= Diazotroph =

Bacteria and archaea producing ammonia

Diazotrophs are organisms capable of nitrogen fixation, i.e. converting the relatively inert diatomic nitrogen (N_{2}) in Earth's atmosphere into bioavailable compound forms such as ammonia. Diazotrophs are typically microorganisms such as bacteria and archaea, with examples being rhizobia and Frankia and Azospirillum. All diazotrophs contain iron-molybdenum or iron-vanadium nitrogenase systems, and two of the most studied systems are those of Klebsiella pneumoniae and Azotobacter vinelandii due to their genetic tractability and their fast growth.

==Etymology==
The word diazotroph is derived from the words diazo ("di" = two + "azo" = nitrogen) meaning "dinitrogen (N_{2})" and troph meaning "pertaining to food or nourishment", in summary dinitrogen utilizing. The word azote means nitrogen in French and was named by French chemist and biologist Antoine Lavoisier, who saw it as the part of air which cannot sustain life.

==Types==
Diazotrophs are scattered across Bacteria taxonomic groups (as well as a couple of Archaea).

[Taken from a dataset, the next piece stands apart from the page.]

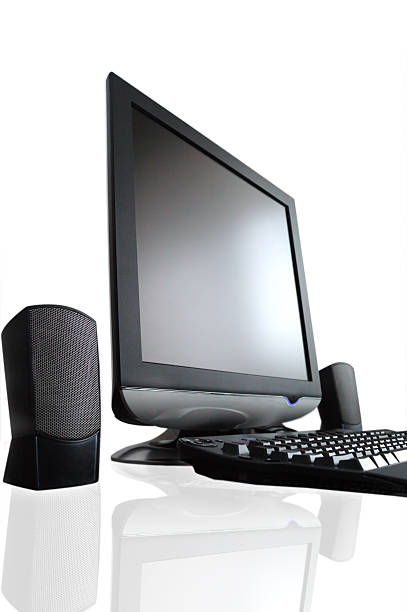 istock LCD screen with speakers and black keyboard isolated 140259770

Even within a species that can fix nitrogen there may be strains that do not. Nitrogen fixation is an energetically costly process and is thus reduced when other sources of nitrogen are available, and, for many species, when oxygen is at high partial pressure. Bacteria have different ways of dealing with the debilitating effects of oxygen on nitrogenases. Symbiotic diazotrophs have traditionally been considered to be more relevant to global nitrogen cycles, as the plant hosts may produce a favorable environment for diazotrophy, but free-living diazotrophs are also significant nitrogen fixers.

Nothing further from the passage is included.